AJ - Last year I kept a mother yeast, which had never seen a grain or spot of commercial yeast, only flour and water, going for more than 6 months. It was really well worth the effort. I am starting one again. The previous one was given to a friend when I went on holiday and she allowed it to collapse. It is normally a wonderful gift for bread-baking-friends - and if you have to abandon it for a while, you just pick up some from a friend who received it from you! Sounds complicated? But isn't at all. It becomes a circle of friendship - and the flavor increases all the time.
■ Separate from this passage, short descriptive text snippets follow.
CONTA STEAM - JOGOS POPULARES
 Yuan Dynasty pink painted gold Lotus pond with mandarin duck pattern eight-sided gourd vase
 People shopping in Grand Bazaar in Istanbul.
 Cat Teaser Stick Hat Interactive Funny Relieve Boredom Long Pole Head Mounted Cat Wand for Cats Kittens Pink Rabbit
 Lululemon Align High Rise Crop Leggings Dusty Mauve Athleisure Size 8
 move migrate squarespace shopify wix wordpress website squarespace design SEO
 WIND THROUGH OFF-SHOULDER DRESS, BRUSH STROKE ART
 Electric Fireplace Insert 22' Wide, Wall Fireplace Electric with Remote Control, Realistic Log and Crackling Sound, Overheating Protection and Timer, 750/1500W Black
Oldcoot - your loaf fills me with envy!! Congrats, you really do us proud!!!
Maws


----------



## ChrisF (Feb 14, 2004)

http://waltonfeed.com/old/yeast.html

Found this site while surfing, 8)  very interesting.


----------



## northernMIcook (Feb 20, 2004)

Oldcoot: If you bake alot of bread you might want to check out Gordon Food Service (if they have one near you). They carry a double package of vacumn packed yeast. It cost about 3 or 4 dollars and each package has about 1 1/2-2 cups of yeast. I buy it and one package will last me about 6 months. I keep it in the fridge in an air tight glass jar with a rubber seal. I havent had a problem with it going bad and I have been buying it this way for about 2 years. Might want to check it out....sure is alot cheaper. I use about 1 1/2 teaspoons per regular loaf.


----------